Como alguém que cresceu na Ásia e atingiu a maioridade nos anos 90 e início dos anos 90, a ideia de poder se casar com outra mulher parecia fantástica (e, por falar nisso, não era uma fantasia que eu já tivesse abrigado). Foi apenas dez anos antes Windsor que o Tribunal considerou, em Lawrence x Texas, que as leis que criminalizam a conduta sexual consensual entre adultos do mesmo sexo eram uma violação do direito do indivíduo à privacidade sob a Décima Quarta Emenda. No entanto, agora aqui estávamos nós, abordando a questão de saber se os casais gays deveriam ter o direito de participar de uma das instituições mais heteronormativas de todos os tempos, para que seu status fosse reconhecido pela lei como totalmente igual versus relutante achamos que você não é ilegal. Parecia quase ficção, onde você vira uma página e salta no tempo e encontra o universo do romance à beira da mudança.
Leitura Orgulho e Preconceito ao longo daquela importante primavera, o que me impressionou foi como Elizabeth e Darcy são radicais em sua abordagem para encontrar um parceiro para a vida – o que necessariamente significa, dado o tempo, casamento. Darcy coloca sua consideração por Elizabeth acima da inadequação de sua família, a oposição de Lady De Bourgh, as expectativas e obrigações que acompanham sua classe e status. Elizabeth, com a mesma radicalidade, diz que não quando ele a pede em casamento, embora ele marque todas as caixas de marido ideal em uma sociedade onde o casamento é visto principalmente como um arranjo econômico, um meio necessário pelo qual inúmeras mulheres podem obter alguma segurança financeira. assim como o respeito social.
O movimento do casamento gay pode estar a anos-luz de distância dos casamentos que Austen defende em seu trabalho, mas compartilha uma afirmação fundamental: que os indivíduos devem ter a liberdade de escolher quem amar e como estabelecer sua felicidade pessoal, diante de costume e tradição e fanatismo.

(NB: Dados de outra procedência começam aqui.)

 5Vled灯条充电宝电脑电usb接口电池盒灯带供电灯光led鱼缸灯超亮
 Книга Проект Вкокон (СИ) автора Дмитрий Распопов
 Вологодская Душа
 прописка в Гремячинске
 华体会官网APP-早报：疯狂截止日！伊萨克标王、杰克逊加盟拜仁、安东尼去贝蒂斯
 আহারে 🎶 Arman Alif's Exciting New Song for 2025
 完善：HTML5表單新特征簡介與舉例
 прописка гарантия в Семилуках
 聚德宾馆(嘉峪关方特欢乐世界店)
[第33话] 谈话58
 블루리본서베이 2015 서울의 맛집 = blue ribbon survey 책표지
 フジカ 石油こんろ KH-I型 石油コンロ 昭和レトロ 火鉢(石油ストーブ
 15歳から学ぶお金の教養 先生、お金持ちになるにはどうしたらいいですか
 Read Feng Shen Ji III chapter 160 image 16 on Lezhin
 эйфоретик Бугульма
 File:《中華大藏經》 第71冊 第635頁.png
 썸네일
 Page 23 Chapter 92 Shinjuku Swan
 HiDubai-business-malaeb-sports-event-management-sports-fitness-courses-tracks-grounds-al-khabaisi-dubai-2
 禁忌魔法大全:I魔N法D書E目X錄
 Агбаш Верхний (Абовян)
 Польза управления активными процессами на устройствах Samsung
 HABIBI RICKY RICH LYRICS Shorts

Em junho de 2015, o Tribunal emitiu seu parecer para Obergefell, e meu mundo se expandiu: do jeito que aconteceu quando percebi que era possível ser gay e feliz (trocadilho intencional), e novamente quando conheci a pessoa que se tornou a melhor metade da minha vida. Mas o que parecia igualmente importante, e ainda é, é a longa estrada paralela que os casais gays percorreram até aquele ponto. Eles formaram relacionamentos e nutriram famílias tão significativas quanto as de seus colegas heterossexuais e casados - e, ao fazê-lo, ajudaram a criar o espaço para todos nós imaginarmos maneiras de amar e estar juntos que não envolvem a sanção de instituições e o papéis que nos fazem desempenhar. Não deve haver nenhuma maneira correta de conduzir o amor. Talvez essa seja a melhor coisa de ter a escolha de se casar: não o casamento, mas a escolha.